Now, we strip the two versions of our program to remove the .symtab symbol table, and force the system to use the dynamic tables instead:

% strip test_ldynsym test_noldynsym 
% file test_ldynsym test_noldynsym 
test_ldynsym:   ELF 32-bit LSB executable 80386 Version 1, dynamically linked, stripped
test_noldynsym: ELF 32-bit LSB executable 80386 Version 1, dynamically linked, stripped

Running the version without a .SUNW_ldynsym section:

% ./test_noldynsym 
/home/ali/test/test_noldynsym:0x6ca
/home/ali/test/test_noldynsym:main+0xb
/home/ali/test/test_noldynsym:_start+0x7a
Segmentation Fault (core dumped)
% pstack core
core 'core' of 5041:    ./test_noldynsym
 080506d2 ???????? (804692c, 80467a4, 805062a, 1, 80467b0, 80467b8)
 080506eb main     (1, 80467b0, 80467b8) + b
 0805062a _start   (1, 8046994, 0, 80469a5, 80469bf, 8046a03) + 7a

Our program used the printstack(3C) function to display its own stack. Afterwards, we use the pstack command to view the same data from the core file. In both cases, the top line represents the call to the local function static_func(), a fact that we know from examining the source code, since the number and/or '????????' used to represent it are less than obvious to an external observer.
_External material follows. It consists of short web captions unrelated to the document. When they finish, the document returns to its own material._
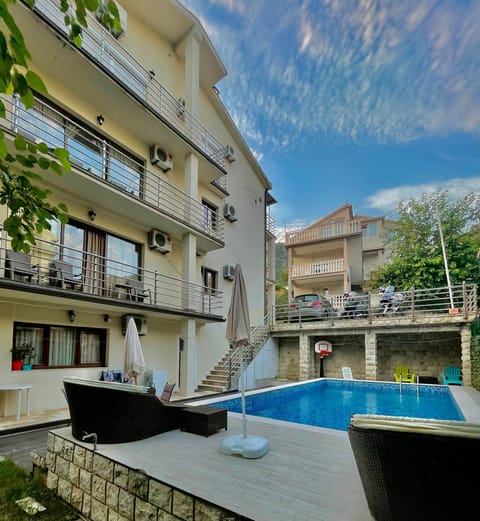 Property building, Patio, Day, View (from property/room), Balcony/Terrace, Pool view, Swimming pool, sunbed
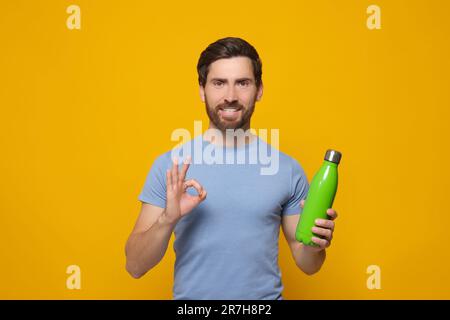 Mann mit grüner Wärmflasche zeigt eine OK-Geste auf orangefarbenem Hintergrund. Platz für Text Stockfoto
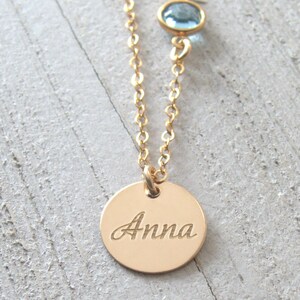 May include: Gold necklace with a round pendant engraved with the name "Anna" and a small light blue gemstone.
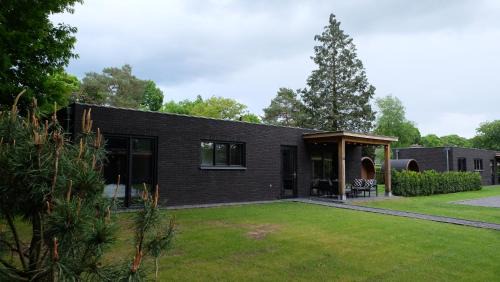 Voorthuizen House | The White Oak - Luxe 4 persoons bungalow met prive sauna
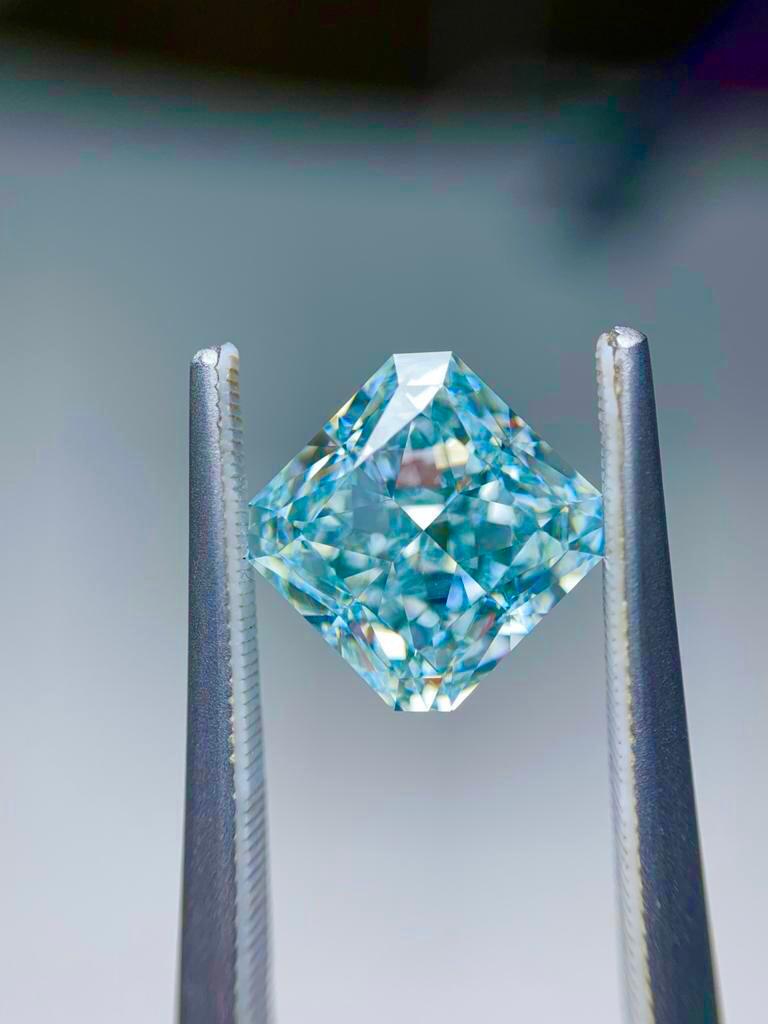 From the Emilio Jewelry Museum Vault, Showcasing a magnificent investment grade 4.00 carat natural fancy blue diamond with greenish overtone. Emilio's expertise after setting this stone in an Emilio Atelier it will face up with as a fancy vivid blue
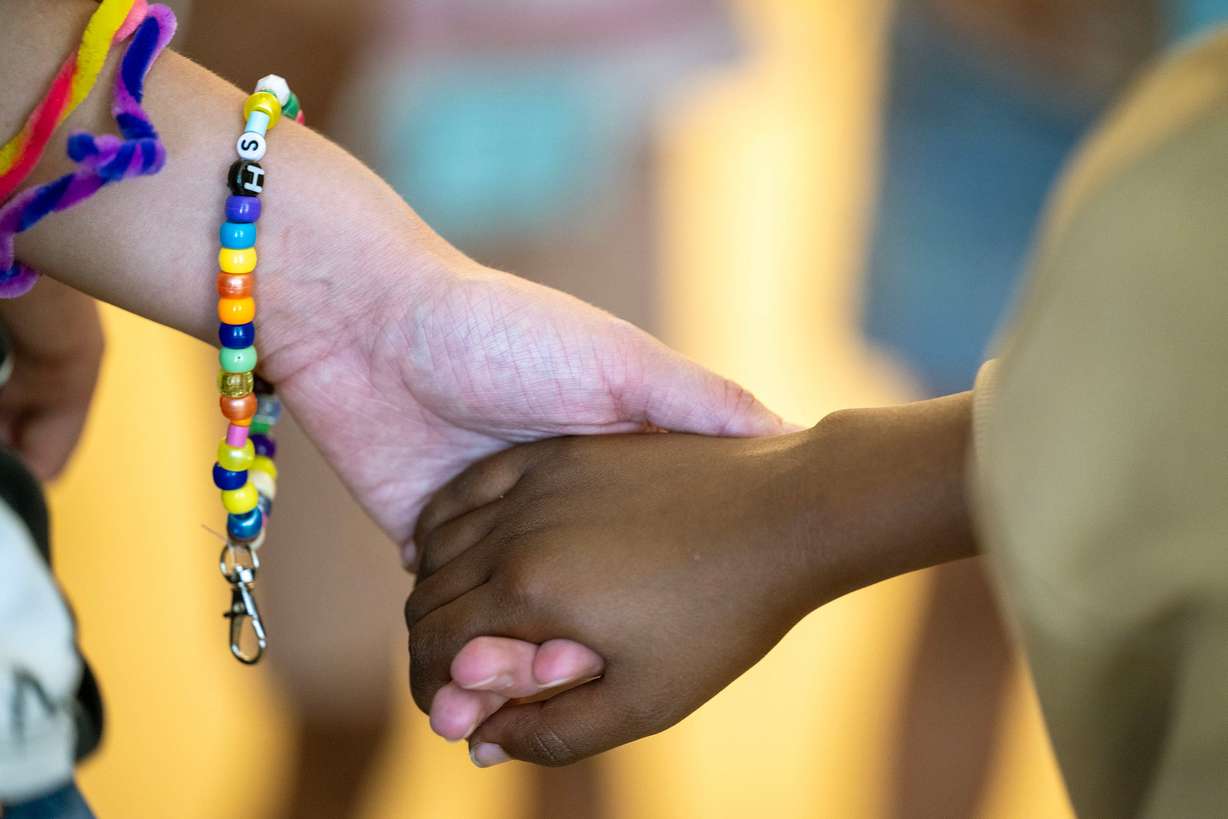 A group of girls and counselors circle up at the end of their time together as they take part in summer activities assisted by counselors at Central Park Community Center in South Salt Lake City on Monday.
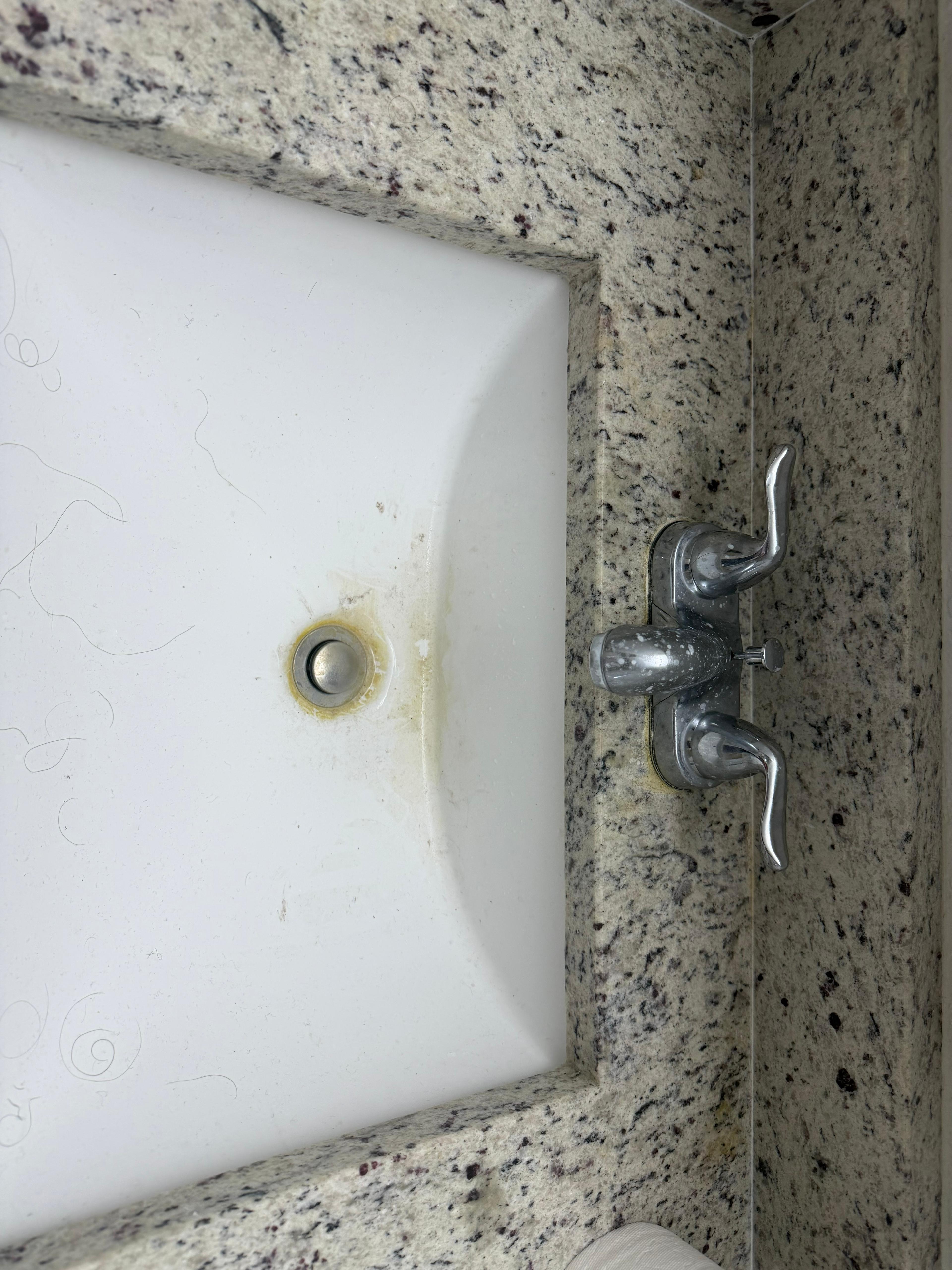 Tampa bathroom sink with grime around drain before cleaning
Running the version with a .SUNW_ldynsym section, the system is able to put a name to the local function:

% ./test_ldynsym 
/home/ali/test/test_ldynsym:static_func+0xa
/home/ali/test/test_ldynsym:main+0xb
/home/ali/test/test_ldynsym:_start+0x7a
Segmentation Fault (core dumped)
% pstack core
core 'core' of 5044:    ./test_ldynsym
 08050802 static_func (8046930, 80467a8, 805075a, 1, 80467b4, 80467bc) + 12
 0805081b main     (1, 80467b4, 80467bc) + b
 0805075a _start   (1, 8046998, 0, 80469a7, 80469c1, 8046a05) + 7a

Conclusions

Sometimes it is the little things that make a difference. I expect that the local dynamic symbol table will provide valuable information in difficult debugging situations where one is examining large stripped programs running in a production environment. The rest of the time, the additional data is small, and will have little or no impact on performance.
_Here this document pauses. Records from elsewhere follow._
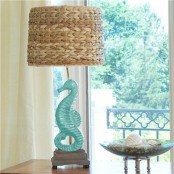 a rustic coastal table lamp with a seahorse base and a rafia lampshade is a cool idea for a beach farmhouse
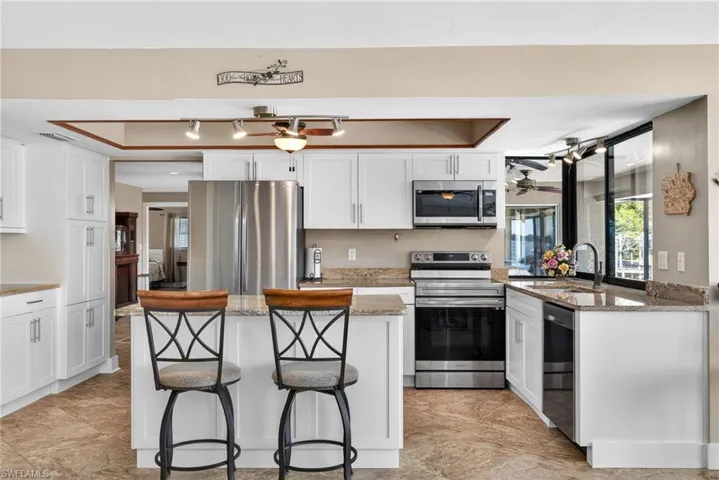 Kitchen featuring stainless steel appliances, white cabinetry, light stone countertops, a kitchen bar, and a center island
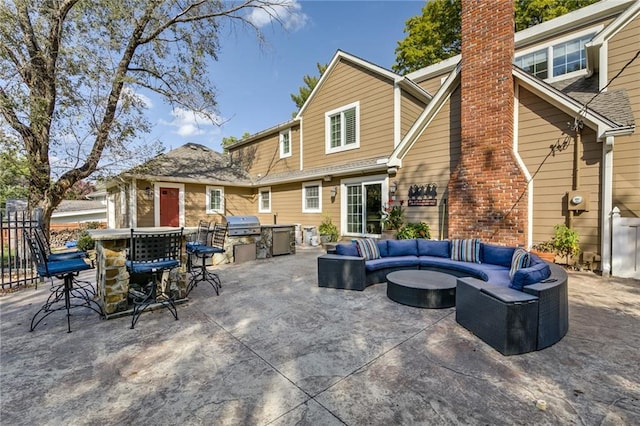 10318 Sagamore Rd, Leawood, KS 66206 - back of house with an outdoor living space, a patio, outdoor dining space, and a chimney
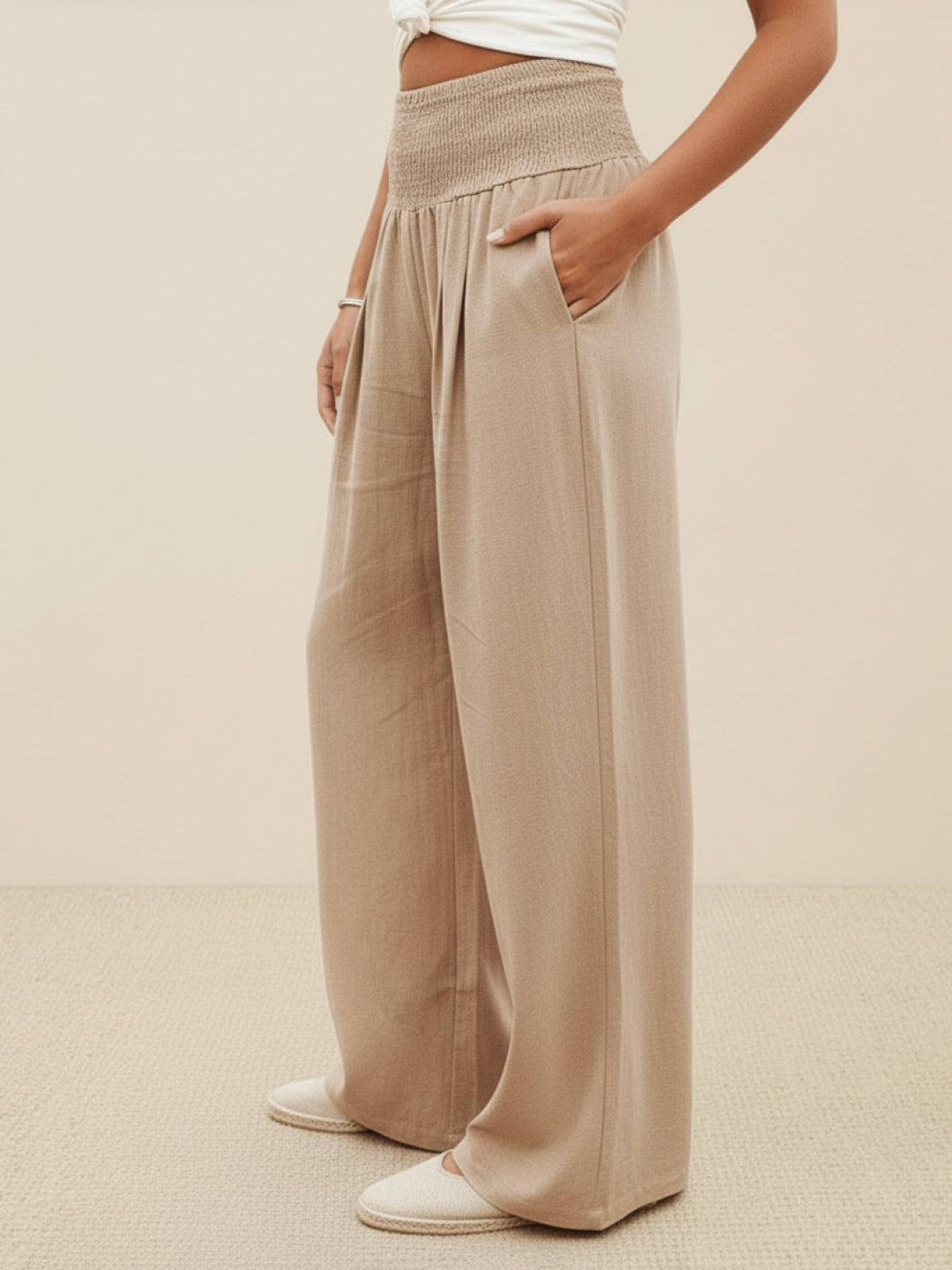 Navy blue high waist smocked wide leg palazzo pants, perfect for spring.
.SUNW_ldynsym sections have been part of the Solaris development (Nevada) builds since last fall, and are also available in OpenSolaris.
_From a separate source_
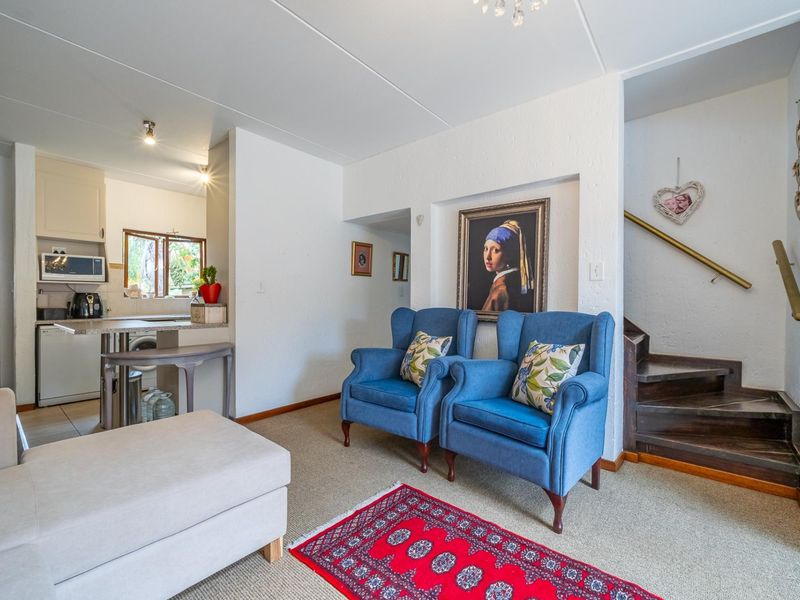 Open-plan living area featuring a compact kitchen with built-in cabinetry and a staircase leading to the upper level.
Technorati Tag: OpenSolaris
Technorati Tag: Solaris

Posted at 02:05PM Feb 07, 2007 by ali in Sun | Comments[7]

Comments:

It's interesting that you say “the additional data is small, and will have little or no impact on performance”. The GCC developers seem to have gone to some length to remove symbols from dynamic shared objects with their -fvisibility=hidden support. They claim that this option “can very substantially improve linking and load times of shared object libraries”.

So do you disagree with them, or is there a key difference between your work and theirs? Are you testing plain C code while they're considering the symbol bloat in C++ code which uses templates? I suppose that you are able to ignore the .SUNW_ldynsym section when resolving undefined references during dynamic loading, so maybe its presence doesn't hurt performance so much?

Posted by Luke on February 07, 2007 at 08:41 PM MST #

I don't see a contradiction between the claims for GCC -fvisibility=hidden, and the Solaris .SUNW_ldynsym. The reason is as you suggest --- .SUNW_ldynsym is not used by the runtime linker for symbol resolution. Those local symbols are only there to allow dladdr() and debuggers to do a better job. This means that the cost of .SUNW_ldynsym is only the amount of address space it consumes, which is very small. It isn't free of course, but you have to evaluate these sort of issues within the bigger context --- we feel that the win in observability for real world binaries in the field is worth it. In any event, there's no additional load on the runtime linker.

The GCC -fvisibility=hidden reduces the number of symbols the runtime linker needs to examine at runtime from .dynsym, which would certainly speed up loading. We do similar things --- a big favorite is to use mapfiles to reduce the number of global symbols visible from a sharable object.

It is certainly true that C++ pushes all linker features harder than plain C. Even in that case though, I believe that the added overhead implied by .SUNW_ldynsym will be tiny in comparison to the rest of those same C++ objects, probably in a similar proportion as with C.

I think .SUNW_ldynsym is in general, a win, and without a significant performance issue. However, the ld -znoldynsym option is there, just in case.

Thanks for your interest... - Ali

Posted by Ali Bahrami on February 07, 2007 at 09:34 PM MST #

Hi Ali, This feature seems to be very good. Good work.

Posted by DP on February 08, 2007 at 02:18 AM MST #

Just a nit. On a current Solaris 10 system, I find that there are 719 ELF binaries in /usr/bin, and 490 are stripped with only 229 with their symbols intact.

Posted by Brian Utterback on February 08, 2007 at 11:07 AM MST #

Interesting! I'll stand by the underlying idea though... :-)

Your comment made me curious, so I just did the following on my desktop system (fairily recent Nevada non-debug build):

% file /usr/bin/* | grep ', stripped' | wc -l
      51

Rather different results, and I'm not sure what accounts for it. Looking at the stripped files on this system, they are mainly non-core things, like bash, bzip, tcsh, etc.

Posted by Ali Bahrami on February 08, 2007 at 11:38 AM MST #

And I stand by my nit! You said that Solaris has shipped for years with unstripped binaries, but you are looking at Nevada which hasn't shipped at all! Seriously, that appears to be the difference; I got the same results you did on a Nevada system. The question is, will it ship that way or not? Either way, the new section should give us the best of both worlds.

Posted by Brian Utterback on February 08, 2007 at 11:58 AM MST #

> And I stand by my nit!

Understandable, since you are absolutely correct!

See Which Solaris Files Are Stripped? for a better answer.

Thanks!

Posted by Ali Bahrami on February 09, 2007 at 03:20 PM MST #